*Your task*: Given the entries below, would you transcribe exactly the lines starting at the one with "Image of Spring" and ending at the one with "Zia Pia jar", both kept, pictures omitted, nothing extra?

*The data*:
┄┄┄┄┄┄
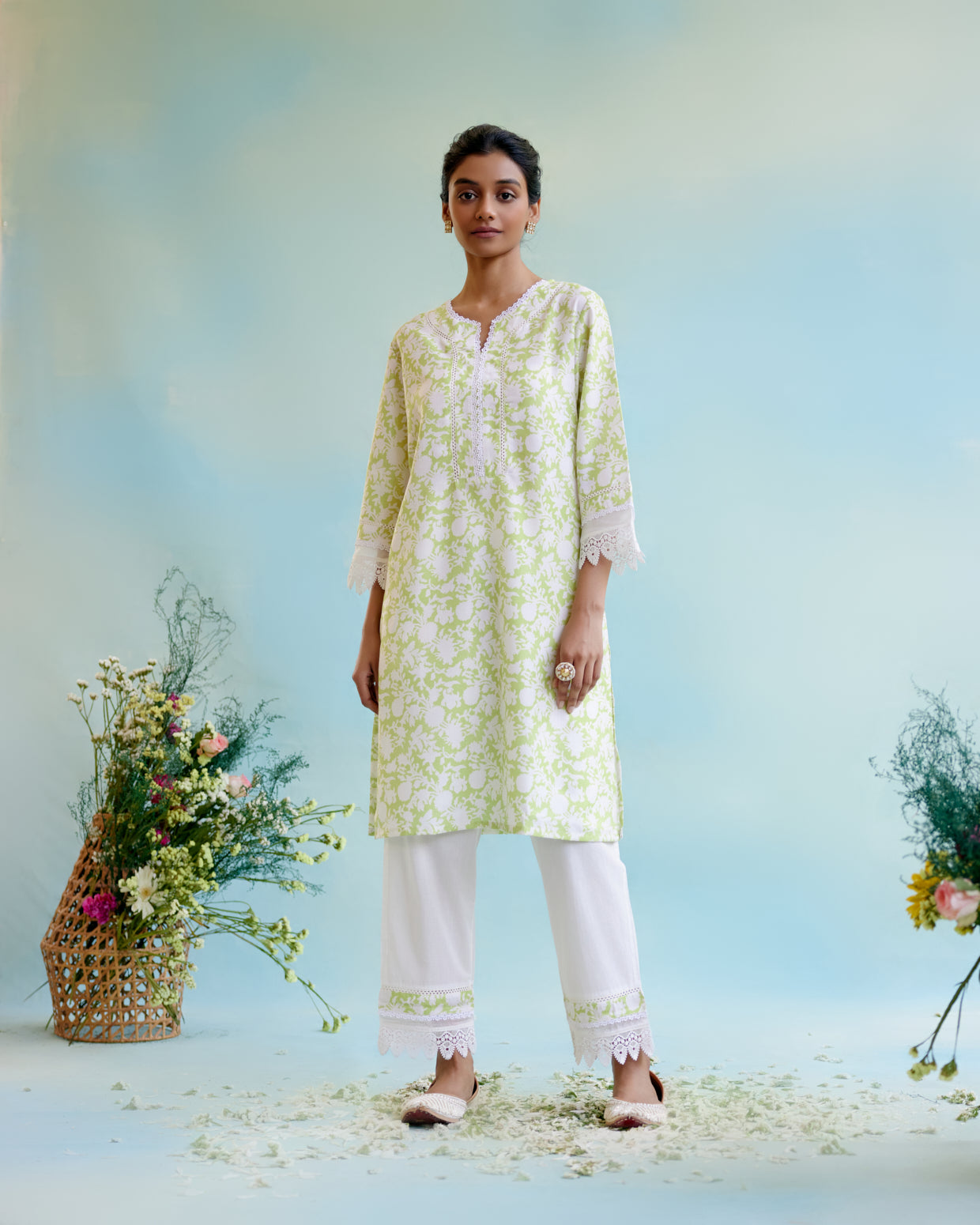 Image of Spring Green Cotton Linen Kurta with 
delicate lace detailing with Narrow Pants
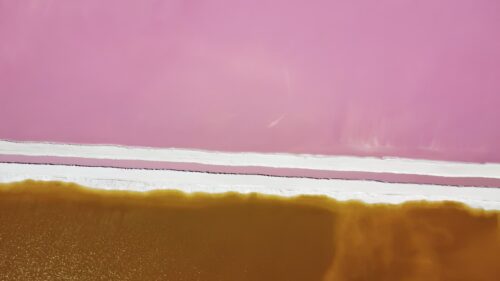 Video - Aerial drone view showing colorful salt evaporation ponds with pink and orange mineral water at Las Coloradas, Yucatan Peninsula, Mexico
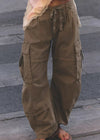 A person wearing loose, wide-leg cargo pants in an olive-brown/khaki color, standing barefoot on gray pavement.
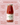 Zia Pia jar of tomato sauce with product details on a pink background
┄┄┄┄┄┄
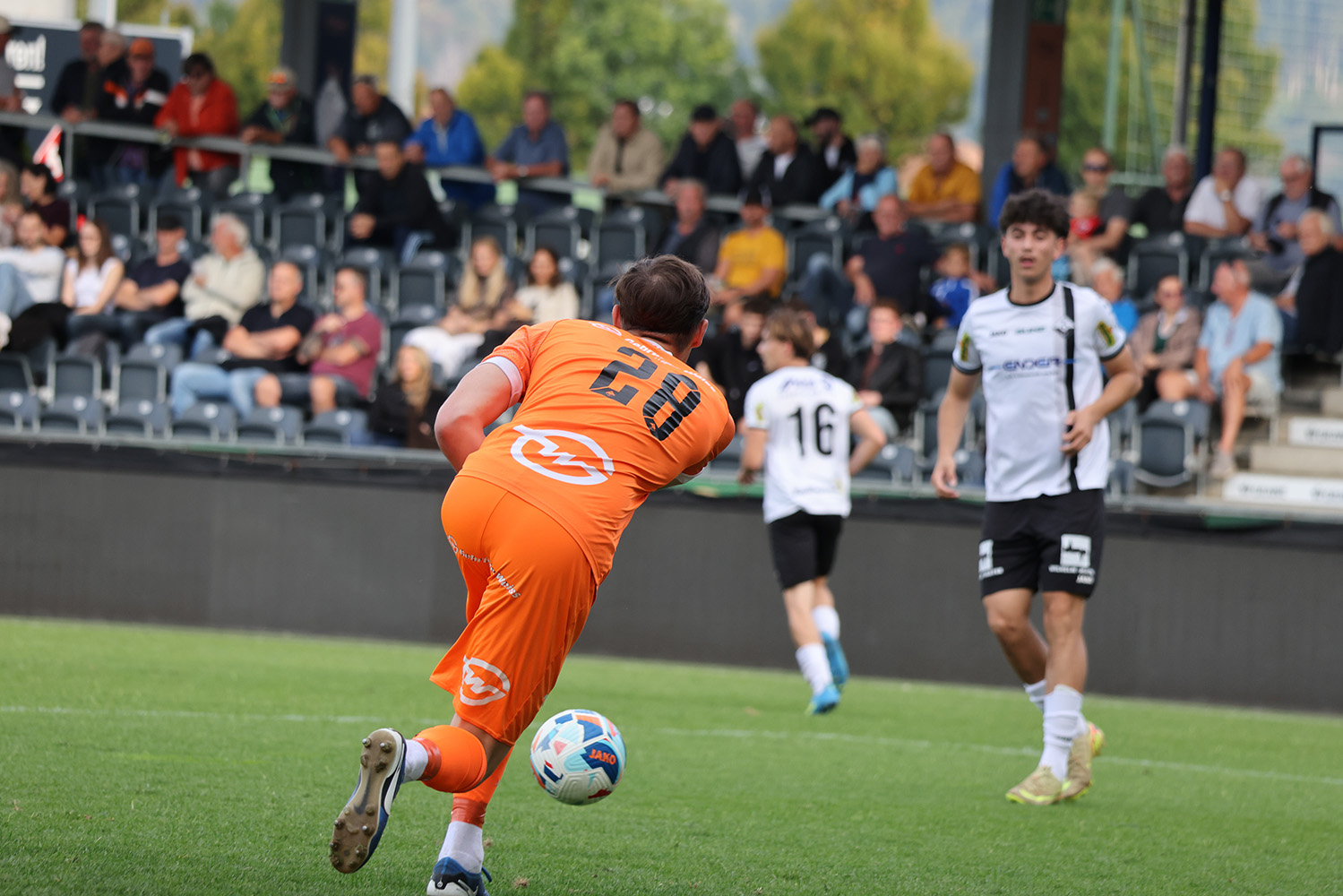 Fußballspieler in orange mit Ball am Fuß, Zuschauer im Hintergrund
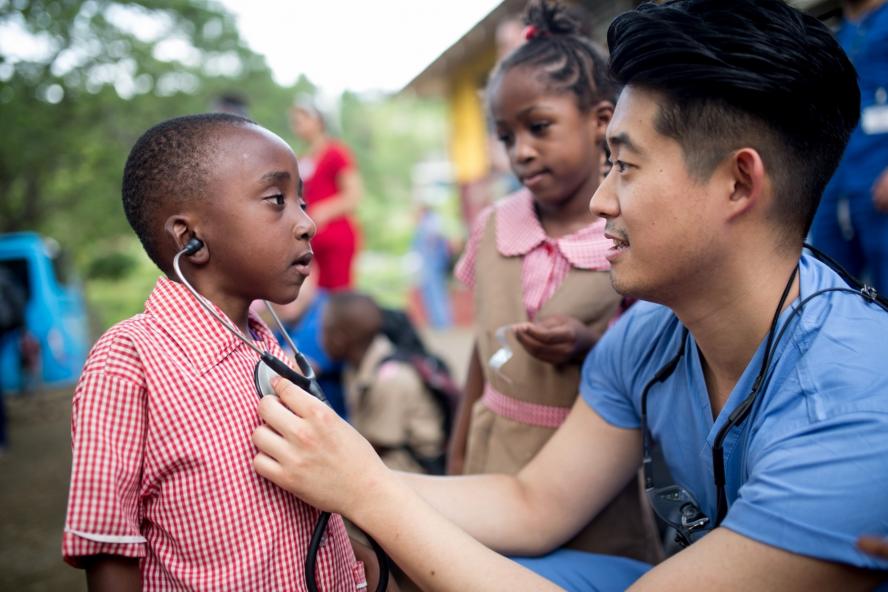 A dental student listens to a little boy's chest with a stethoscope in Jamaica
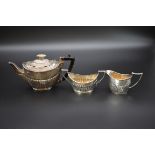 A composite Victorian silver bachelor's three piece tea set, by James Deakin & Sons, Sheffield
┄┄┄┄┄┄
*Exercise output*:
 Image of Spring Green Cotton Linen Kurta with 
delicate lace detailing with Narrow Pants
 Video - Aerial drone view showing colorful salt evaporation ponds with pink and orange mineral water at Las Coloradas, Yucatan Peninsula, Mexico
 A person wearing loose, wide-leg cargo pants in an olive-brown/khaki color, standing barefoot on gray pavement.
 Zia Pia jar of tomato sauce with product details on a pink background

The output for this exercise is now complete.